Start of Provided material
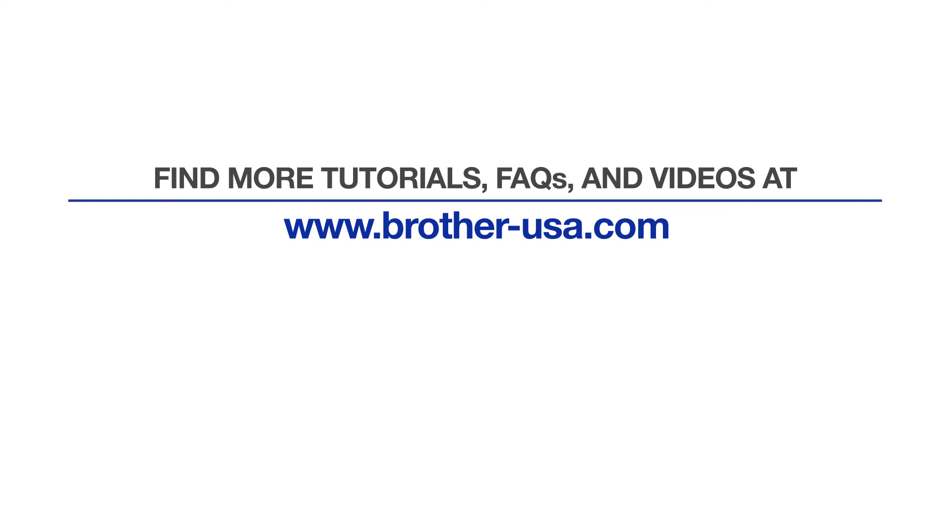For more tutorials, FAQs, and videos, visit us at www.brother-usa.com. If you found this video helpful, be sure to subscribe. Thank you for choosing Brother.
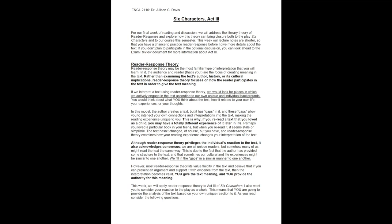As I mentioned, this week our lecture notes are quite a bit shorter so that you have a chance to practice reader response before I give more details about the text. If you don't plan to participate in the optional discussion, you can go ahead and look at the exam review document for more information about Act 3.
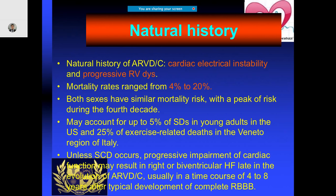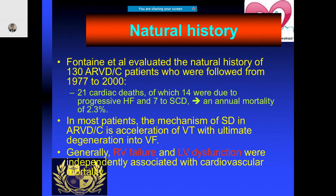There is cardiac electrical instability and progression of RV dysplasia over time. Mortality can range from 4 percent to 20 percent, with both males and females having similar mortality rates, peaking at the fourth decade. This may account for up to 55 percent of sudden cardiac death in young adults — a really high incidence rate. Studies of the natural history show that the mechanism of sudden death is acceleration of VT with ultimate degeneration into VF, with cardiac failure mortality of approximately 2.3 percent.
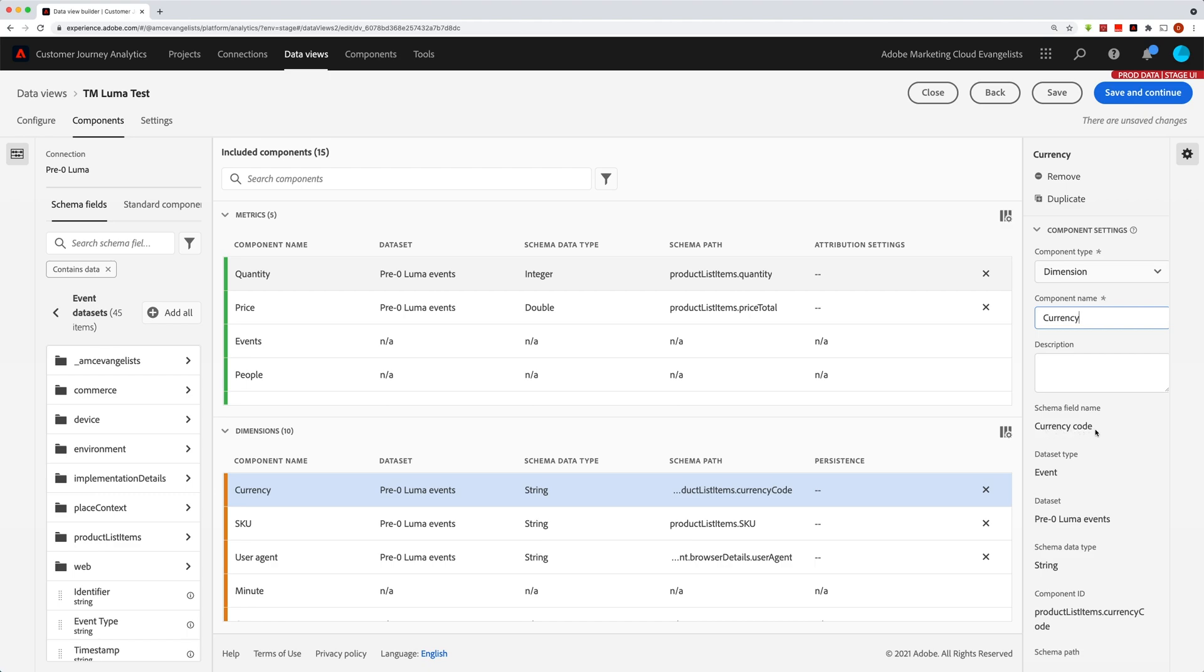Now you'll see down below here that the schema field name does say currency code so that you can see what it originally was. But again, the component name is what will show up in the reports.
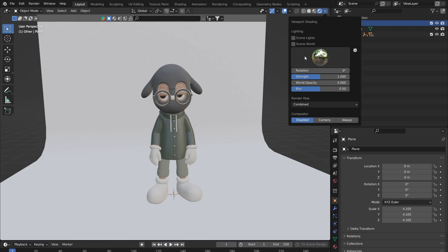HDRIs are great for speed and realism — you can find lots of free HDRI maps of different outdoor or indoor scenes, giving accurate reflections and exposure values. In my day job I use HDRIs a lot due to time pressures, but in Blender I tend to light things myself for a more stylized look. If you untick both scene lights and scene world, you get the HDRI option.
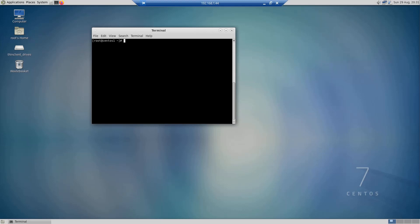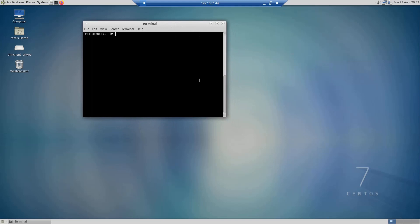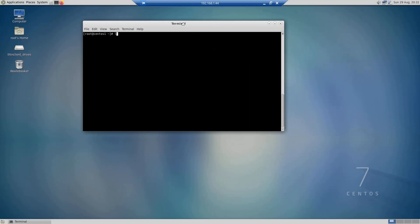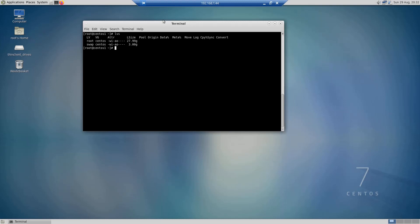In order to view logical volumes in Linux CentOS 7, the command is `lvs`. If you go to a terminal and type `lvs`, you will see the logical volumes on your machine. I have two logical volumes — one is called root and one is called swap. The size of the root logical volume is 28 gigabytes and the size of the swap logical volume is 3 gigabytes. VG here stands for volume group, and I have one volume group called centos.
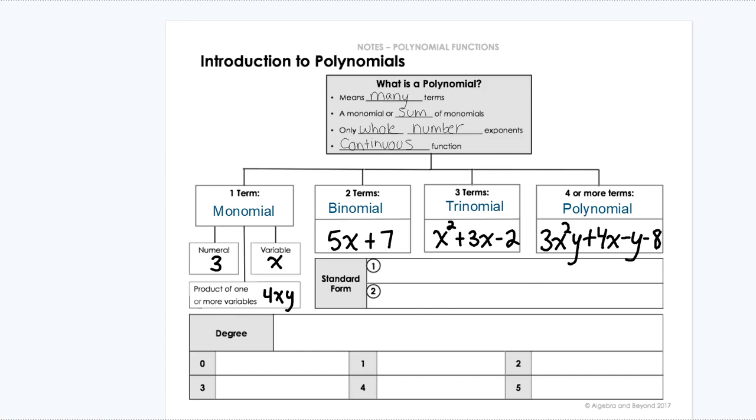We have a monomial for one, binomial for two, trinomial for three, and polynomial for anything four or more.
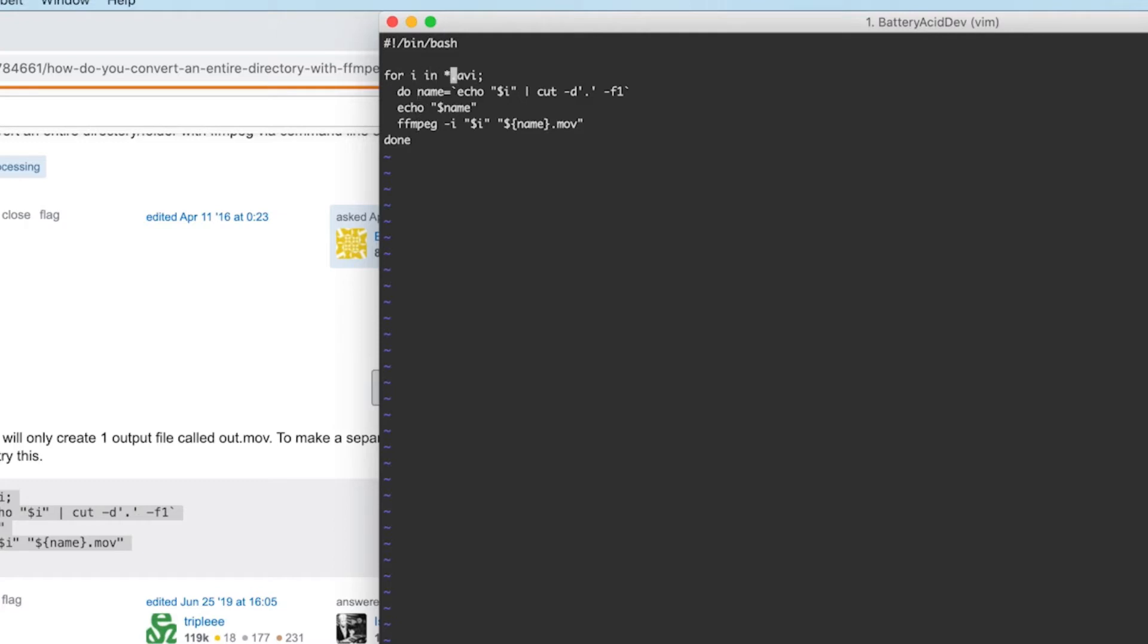So here it's converting avi to mov files but for this demo I need to convert from mov to mp4. So let's update accordingly. As a side note you can easily set these to whatever extensions you need that are supported by ffmpeg.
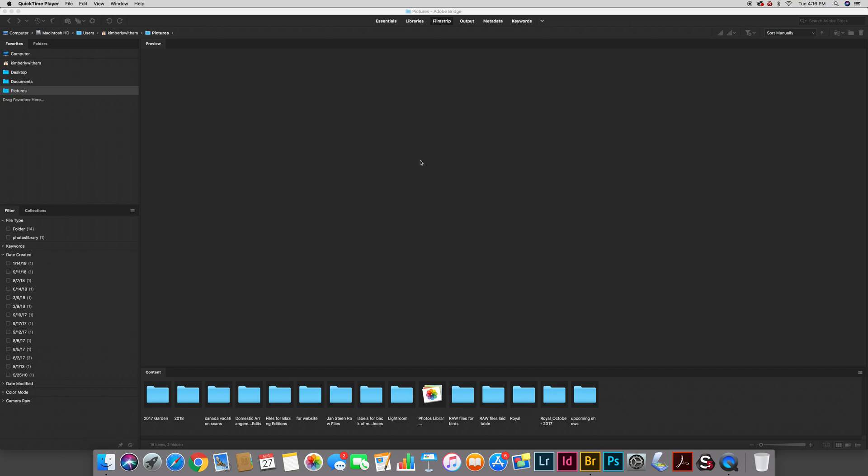Hi there. This is Kimberly. In this video I'm going to show you a best practice for downloading your images using Bridge. This will really help you with your file management and it will also help you convert your files in one batch process to DNG files, that's digital negative, and you'll convert those from the proprietary raw format that your images will be created in on your camera.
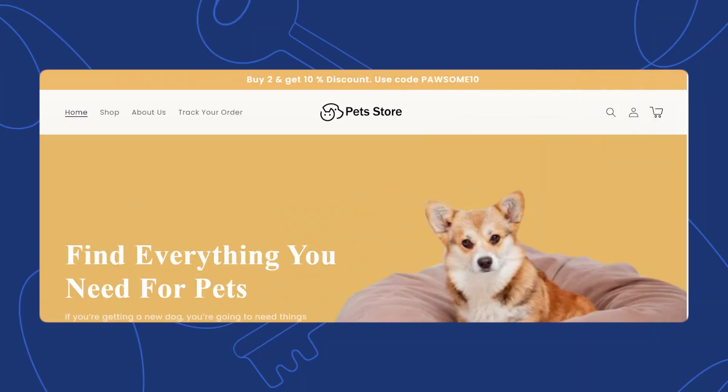Hey guys, Sam here from KeyCommerce.com. In this video, you're going to learn how to create a discount code on Shopify.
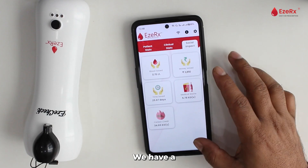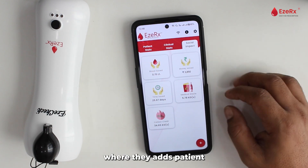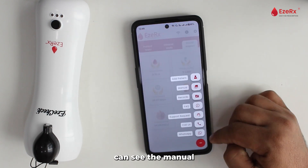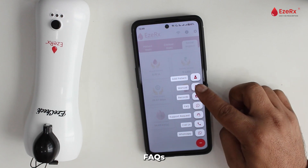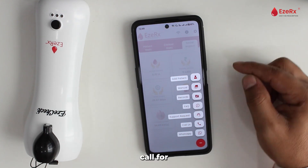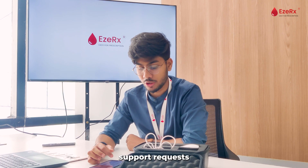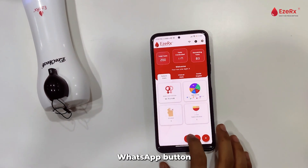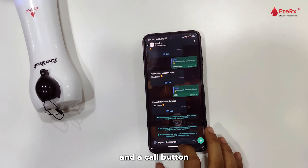At the bottom, we have a plus icon where I can add a patient, view the manual, see records, see FAQs, and also call for a support request. The support request can also be accessed through the WhatsApp button and the call button.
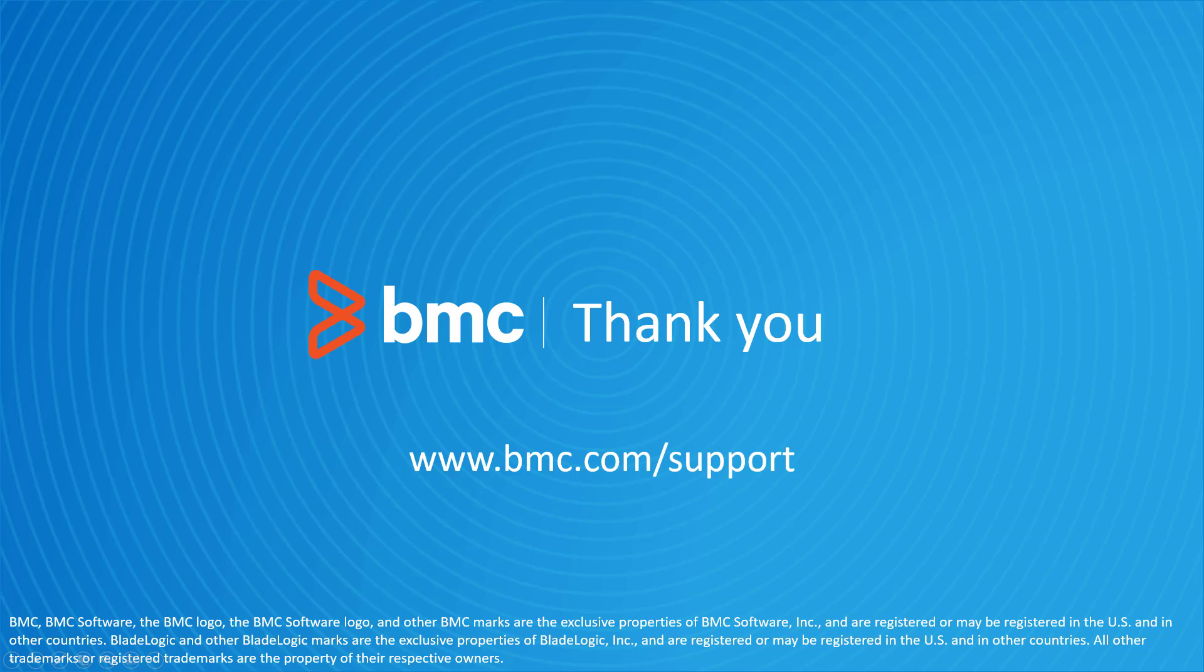That concludes this BMC Helix Control M solutions video. Please see our YouTube channel for more videos like this.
End of Provided material
What you have to do — Leaving the pictures out, set down exactly the lines from the one with "Hi there. This" through the end of the records.

The completed task —
Hi there. This is Kimberly. In this video I'm going to show you a best practice for downloading your images using Bridge. This will really help you with your file management and it will also help you convert your files in one batch process to DNG files, that's digital negative, and you'll convert those from the proprietary raw format that your images will be created in on your camera.
Hey guys, Sam here from KeyCommerce.com. In this video, you're going to learn how to create a discount code on Shopify.
At the bottom, we have a plus icon where I can add a patient, view the manual, see records, see FAQs, and also call for a support request. The support request can also be accessed through the WhatsApp button and the call button.
That concludes this BMC Helix Control M solutions video. Please see our YouTube channel for more videos like this.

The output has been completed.